L’esprit rigoureusement mathématique du candidat Macky Sall n’a-t-il pas compris que comparer les foules que rassemble le M-23 à ceux du candidat du pouvoir ramène à cette équation qu’il faut les diviser par autant sensibilités qui les composent pour obtenir le quotient du candidat solitaire. Il a donc choisi de faire bande à part pour mieux se compter. Un tel pari découle d'une confiance en ses propres forces et lui confère en même temps une autonomie de sa logistique et de son discours programmatique puisqu’il ne devrait se contenter comme certains de vagues références aux Assises nationales desquelles il s’est démarqué avec pertinence.

 

 

Que le reste de l’opposition en prenne ombrage est certainement normal. Mais que cette attitude lui attire cette vaste polémique dénote d’une maladresse de ses auteurs. En ciblant le candidat Macky Sall, Idrissa Seck et les autres leaders de l’opposition le posent en principal challenger de Me Wade dans la conscience des populations. La cohésion de l’opposition se fissure dès lors et la proposition d’Omar Faye de Leeral askan wi marque imperceptiblement une césure nécessaire entre l’opposition politique traditionnelle et une partie la société dite civile fourvoyée dans l’activisme politique le plus débridé.

 

 

Omar Faye pense en effet que ''les membres du M-23, candidats à l’élection présidentielle doivent aller en campagne et le M-23, dans sa structure, continuer à mener le combat contre l’irrecevabilité de la candidature de Wade.'' Il semble mesurer les conséquences si dans la meilleure des hypothèses pour lui, la cause de l’irrecevabilité triomphait sur le terrain de la lutte politique, soit que le président en exercice renonce à son droit acquis, soit qu’un coup de force l’y contraigne : que fera-t-on de la majorité de son parti à l’Assemblée nationale et au Sénat  et de la mise en branle par cette majorité de la procédure constitutionnelle, l’organisation des élections, notamment ?

 

 

Le débat entretenu depuis l’alternance révèle l’inconséquence et l’immaturité de la classe politique sénégalaise jusqu’au niveau le plus élevé. Les tares cachées par l’assistance d’une administration restée performante faisant désormais défaut, certains grands commis de l’Etat se montreront dans toute la faiblesse de leur argumentation. Certains devraient éviter de tomber dans le mimétisme facile des réalités d’ailleurs.
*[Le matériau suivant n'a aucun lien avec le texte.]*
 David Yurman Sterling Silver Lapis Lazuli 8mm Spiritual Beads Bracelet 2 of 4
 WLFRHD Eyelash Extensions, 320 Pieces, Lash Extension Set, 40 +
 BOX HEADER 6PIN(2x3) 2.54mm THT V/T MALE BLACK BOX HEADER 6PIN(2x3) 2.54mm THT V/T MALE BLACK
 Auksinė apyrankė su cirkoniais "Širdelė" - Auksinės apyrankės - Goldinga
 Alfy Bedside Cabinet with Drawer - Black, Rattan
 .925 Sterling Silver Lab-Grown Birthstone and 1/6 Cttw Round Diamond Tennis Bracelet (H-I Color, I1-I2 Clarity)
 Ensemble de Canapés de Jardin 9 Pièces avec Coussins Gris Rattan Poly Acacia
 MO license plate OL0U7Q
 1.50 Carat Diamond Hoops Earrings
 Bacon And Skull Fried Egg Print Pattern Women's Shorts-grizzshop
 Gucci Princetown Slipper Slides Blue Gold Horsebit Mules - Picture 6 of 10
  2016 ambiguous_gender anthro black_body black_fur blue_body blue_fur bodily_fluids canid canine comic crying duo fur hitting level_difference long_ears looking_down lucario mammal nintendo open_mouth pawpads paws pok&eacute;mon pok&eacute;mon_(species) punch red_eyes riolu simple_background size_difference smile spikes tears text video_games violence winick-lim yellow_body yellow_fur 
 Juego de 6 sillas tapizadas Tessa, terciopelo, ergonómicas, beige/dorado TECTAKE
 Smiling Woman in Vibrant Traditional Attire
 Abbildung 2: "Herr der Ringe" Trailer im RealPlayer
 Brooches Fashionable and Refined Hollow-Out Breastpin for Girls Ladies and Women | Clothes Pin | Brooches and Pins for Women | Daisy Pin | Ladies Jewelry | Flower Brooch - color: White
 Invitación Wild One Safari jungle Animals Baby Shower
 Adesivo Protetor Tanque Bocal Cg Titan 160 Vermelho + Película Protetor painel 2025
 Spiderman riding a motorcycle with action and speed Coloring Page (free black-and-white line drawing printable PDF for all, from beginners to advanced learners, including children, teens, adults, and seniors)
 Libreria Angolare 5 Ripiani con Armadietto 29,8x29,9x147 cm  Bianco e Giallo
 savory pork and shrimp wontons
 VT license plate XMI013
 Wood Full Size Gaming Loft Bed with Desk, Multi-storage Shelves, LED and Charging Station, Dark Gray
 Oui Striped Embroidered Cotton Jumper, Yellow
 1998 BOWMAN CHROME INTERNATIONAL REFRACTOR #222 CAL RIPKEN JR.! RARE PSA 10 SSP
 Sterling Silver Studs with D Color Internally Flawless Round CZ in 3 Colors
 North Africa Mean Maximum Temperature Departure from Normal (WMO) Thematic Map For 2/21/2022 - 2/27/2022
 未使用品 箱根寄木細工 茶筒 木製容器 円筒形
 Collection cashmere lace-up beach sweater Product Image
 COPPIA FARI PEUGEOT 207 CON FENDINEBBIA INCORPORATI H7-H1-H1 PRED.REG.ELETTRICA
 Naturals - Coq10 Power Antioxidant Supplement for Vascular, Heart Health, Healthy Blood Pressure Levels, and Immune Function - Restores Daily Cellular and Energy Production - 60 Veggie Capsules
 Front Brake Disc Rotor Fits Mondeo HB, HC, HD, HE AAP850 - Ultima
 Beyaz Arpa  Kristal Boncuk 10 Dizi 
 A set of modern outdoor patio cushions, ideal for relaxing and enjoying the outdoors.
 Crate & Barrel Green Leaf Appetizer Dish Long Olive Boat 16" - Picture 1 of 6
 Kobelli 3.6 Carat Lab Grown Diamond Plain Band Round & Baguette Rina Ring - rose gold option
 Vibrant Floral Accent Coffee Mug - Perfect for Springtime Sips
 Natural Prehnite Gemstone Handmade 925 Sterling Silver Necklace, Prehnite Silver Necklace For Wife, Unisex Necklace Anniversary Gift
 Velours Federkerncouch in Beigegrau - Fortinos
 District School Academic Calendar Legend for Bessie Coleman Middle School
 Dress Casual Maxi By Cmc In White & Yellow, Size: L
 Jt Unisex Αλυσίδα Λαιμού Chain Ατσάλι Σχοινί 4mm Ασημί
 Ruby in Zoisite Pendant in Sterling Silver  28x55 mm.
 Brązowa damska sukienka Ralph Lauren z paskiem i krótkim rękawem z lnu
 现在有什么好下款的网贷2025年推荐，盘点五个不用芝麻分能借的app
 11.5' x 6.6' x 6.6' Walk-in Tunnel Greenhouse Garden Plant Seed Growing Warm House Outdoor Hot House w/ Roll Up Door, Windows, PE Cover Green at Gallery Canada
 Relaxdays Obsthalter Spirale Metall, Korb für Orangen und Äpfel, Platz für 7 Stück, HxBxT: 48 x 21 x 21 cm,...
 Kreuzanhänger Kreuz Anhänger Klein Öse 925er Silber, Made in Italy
Car en effet, la politique n’est pas un débat d’idées mais un rapport de forces comme le disait Léon Trotsky ; et l’a montré son tragique destin de perdre son combat contre Staline brocardé ''la plus éminente médiocrité du parti''.

 

 

Une fois bloqué au carrefour qui sépare la Médina autrefois rebelle du plateau administratif, le M-23 est allé à Canossa, ne pouvant pas déposer ses doléances au Ministère de l’Intérieur. A Alioune Tine qui proclame commander à 1 million de manifestants comme ''Napoléon commande à 100 millions'' dans la chanson, la ligne rouge avait été fixée comme au Front pour la régularité et la transparence des élections (Frte), un certain 6 février 2000. En des circonstances similaires, partis de la permanence du Pds, le secrétaire général Abdoulaye Wade à la tête, 15 partis politiques coalisés avaient réussi à franchir la ligne rouge. Il avait fallu le doigté du ministre de l’époque, un certain général Lamine Cissé, pour que la situation ne dégénère. Le 6 février n’était pas le 18 Thermidor pour le leader du M-23, Alioune Tine. La prochaine fois…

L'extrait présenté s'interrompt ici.